Nationwide — After a cellphone name with President-elect Donald Trump 48 hours after his victory, Mayor Eric Adams has reportedly determined to finish a pilot program offering migrants in taxpayer-funded shelters with pay as you go debit playing cards for groceries, which had sparked appreciable debate. The initiative, launched in March by means of an emergency contract with New Jersey tech startup Mobility Capital Finance (MoCaFi), distributed $2.4 million in preloaded Credit cards to roughly 2,600 migrant households, based on Metropolis Corridor officers.
On Thursday, Adams introduced town wouldn’t renew this system when it expires in January. Officers cited a decline within the variety of asylum seekers in shelters and the administration’s shift in direction of aggressive contracting for migrant providers relatively than emergency, no-bid contracts.

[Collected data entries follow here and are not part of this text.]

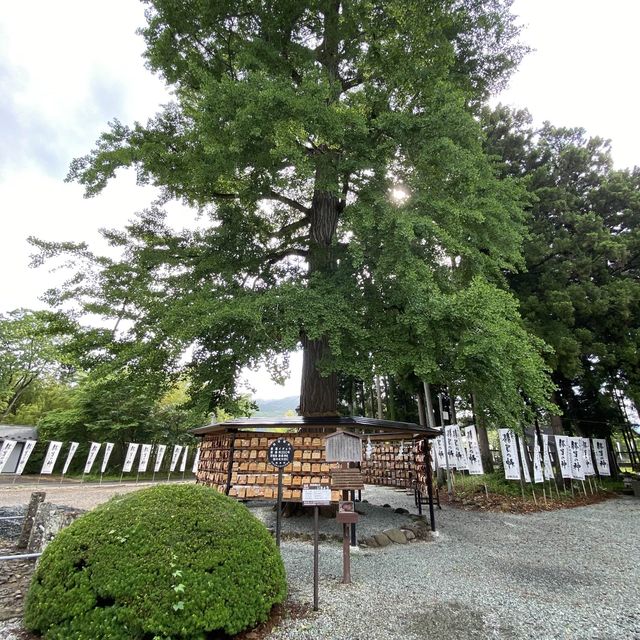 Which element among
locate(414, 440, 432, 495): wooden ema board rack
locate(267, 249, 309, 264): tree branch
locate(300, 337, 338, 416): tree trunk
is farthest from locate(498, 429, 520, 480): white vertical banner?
locate(267, 249, 309, 264): tree branch

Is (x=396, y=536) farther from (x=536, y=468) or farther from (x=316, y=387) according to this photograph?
(x=536, y=468)

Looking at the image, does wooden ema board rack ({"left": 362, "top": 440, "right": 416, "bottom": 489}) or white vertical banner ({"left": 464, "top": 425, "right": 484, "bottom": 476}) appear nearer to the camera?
wooden ema board rack ({"left": 362, "top": 440, "right": 416, "bottom": 489})

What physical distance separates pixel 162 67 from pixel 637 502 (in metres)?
18.6

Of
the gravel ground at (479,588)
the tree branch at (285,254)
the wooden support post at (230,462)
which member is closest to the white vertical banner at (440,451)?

MoCaFi’s $53 million emergency contract, first reported by The New York Put up, confronted criticism, together with from rapper 50 Cent, as the choice course of bypassed customary bidding procedures. Below this system, households obtained round $350 weekly on preloaded Credit cards for groceries and child provides, distributed at resorts repurposed as shelters.
Since spring, the variety of migrants below metropolis care has dropped to roughly 60,000. The pilot program’s complete value reached round $3.4 million, which included taxes and costs, whereas $2.4 million supported native grocery spending. Officers added that there have been no studies of misuse or fraud associated to the playing cards.
This system aimed to chop prices and cut back meals waste from town’s earlier boxed-meal supply system, which noticed vital quantities of meals discarded. By permitting migrants to pick their very own meals, town hoped to attenuate waste and enhance effectivity.
The Adams administration defended the no-bid contract as a crucial step to keep away from delays in launching this system. Nonetheless, Metropolis Comptroller Brad Lander has since revoked town’s authority to difficulty related emergency contracts for migrant providers.